I hate how noone ever talks about how bad British architecture really is. I hate the bastards who make these buildings. So here I am, taking the piss out of them.

Yet there is something about the quality of the images and the profusion of them, that seems rather odd. This guy is clearly being sent these pictures because they don’t seem to be gleaned from the web, suggesting he is probably already working on a journal of some kind.

I am not sure which publication it is, but I would guess it was one of those who didn’t bang on endlessly about “how bad British architecture really is”. Indeed he is probably making his living from “the bastards who make these buildings.”

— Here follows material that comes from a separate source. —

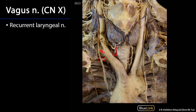On the left side, we can see the vagus nerve sending the left recurrent laryngeal nerve around the concavity of the aorta, ascending in the tracheoesophageal groove. Both the right and left recurrent laryngeal nerves send branches to the cardiac plexuses — the left to the superficial cardiac plexus, and both left and right to the deep cardiac plexus, found deep to the arch of the aorta and anterior to the trachea.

What really leads me to believe he’s a journalist is the fact that he’s divorced from reality. No,this isn’t pretty, but it wasn’t made by an architect and for a engineered shed, it’s not that fucking bad.

Whether he’s a journalist or not is hardly the point. What he’s doing is passing judgement on things he’s just seen pictures of and evincing some glib little bourgeois peccadilloes along the way. “Things I hate about this building include the downpipe” – oooh, well back in the knife draw Miss Sharp. Elsewhere we get some horrendously pseudy architectural criticism.

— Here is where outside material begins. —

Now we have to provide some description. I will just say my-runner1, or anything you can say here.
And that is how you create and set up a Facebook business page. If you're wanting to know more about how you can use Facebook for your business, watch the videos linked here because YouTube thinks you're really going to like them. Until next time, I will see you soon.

The ashlar stonework (a solid material) walls are expressed as planes (amplifying their thinness and lack of structural intent) in a completely unintentional paradox.

Which is just utterly glib. Who says ashlar stonework has to represent thickness and “structural intent” – whatever that is? If you are going to do these things, do them properly. Go and see these buildings. Tell us what they are like. Don’t just parp away in your office in Central London over a skinny mocha, you metropolitan little f***.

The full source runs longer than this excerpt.